Palin’s lawsuit against The New York Times rejected 1:19
(WABNEWS Business) — The New York Times prevailed in defending itself in a defamation lawsuit filed against it by Sarah Palin, after jurors will determine that she did not prove her case.
The nine jurors, deliberating since Friday afternoon, declared that The New York Times is not liable in Palin’s defamation lawsuit against the newspaper.
RELATEDUnbeknownst to them, during the deliberations, Rakoff determined that Palin’s attorneys failed to prove a key element of their case, so he would overturn the jury’s verdict if it had found in Palin’s favor.
“The law here sets a very high standard (for actual malice),” Rakoff said Monday. “The court finds that that standard has not been met.”
Palin and her attorneys have previously indicated they would consider an appeal if a jury trial did not go their way.
The newspaper’s lawyers celebrated Monday, embracing each other in court after Rakoff made his decision.
“The New York Times welcomes today’s decision,” a spokesman said Monday. “It’s a reaffirmation of a fundamental principle of American law: Public figures should not be allowed to use defamation lawsuits to punish or intimidate news organizations that make, quickly acknowledge and correct unintentional errors.”
Palin’s lawsuit
Palin sued The New York Times and its former editorial page editor James Bennett in 2017 after they published an editorial that wrongly linked a map Palin’s political action committee had published to a 2011 shooting that killed six people and injured former Congresswoman Gabrielle Giffords.

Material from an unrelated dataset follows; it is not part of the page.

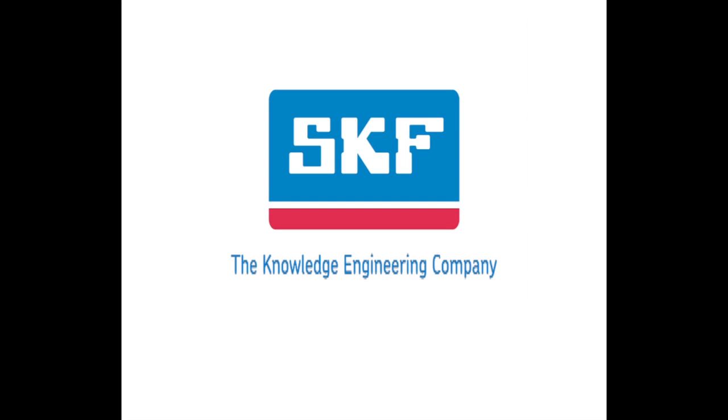SKF, the knowledge engineering company. To learn more about SKF premium hub bearings and their components, visit www.vsm.skf.com.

The editorial in question was published on the day of the shooting at a baseball practice that injured Congressman Steve Scalise. It was meant to address heated political rhetoric before the shooting, but in pointing it out, the Times erroneously said there was a “clear” link between a map that had crosshairs over congressional districts, including Giffords’s, and the shooting that he hurt her. Bennett testified that he added language that there was a clear link and that once he realized the error he worked to issue a correction quickly.
Palin testified that she was “mortified” that the newspaper falsely accused her of abetting the murder of those six people, which included a federal judge and a 9-year-old girl, six years after that deadly shooting.
Bennett testified that he was surprised some people interpreted the editorial as saying that the man who shot Giffords and others was egged on by Palin, testifying that “that’s not the message we intended to send.”